* [Work required]: With every picture left out, restate the listing below exactly as written.

* [Given information]:
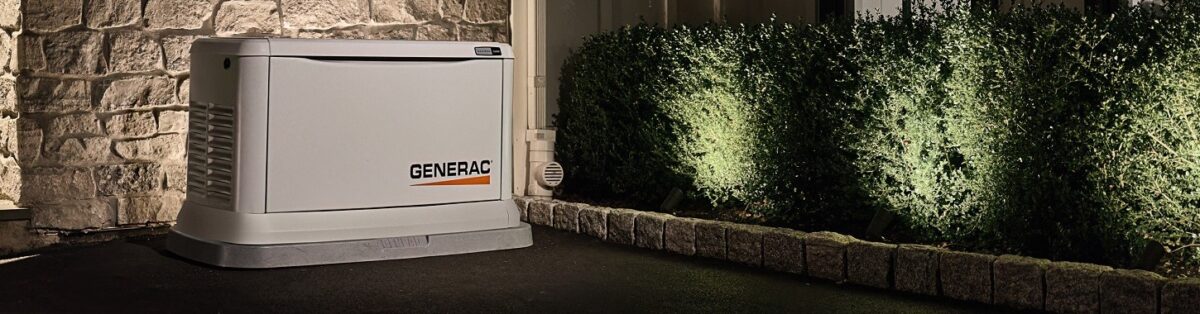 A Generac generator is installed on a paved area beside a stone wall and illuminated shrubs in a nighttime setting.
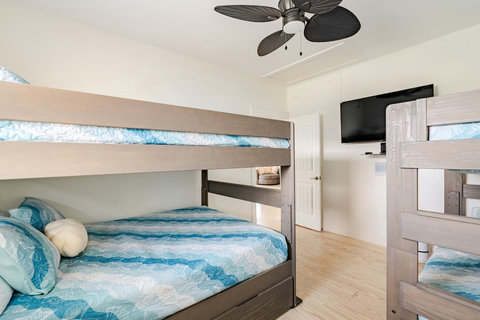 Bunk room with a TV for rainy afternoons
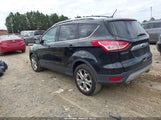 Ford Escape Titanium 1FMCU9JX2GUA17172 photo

* [Answer section]:
 A Generac generator is installed on a paved area beside a stone wall and illuminated shrubs in a nighttime setting.
 Bunk room with a TV for rainy afternoons
 Ford Escape Titanium 1FMCU9JX2GUA17172 photo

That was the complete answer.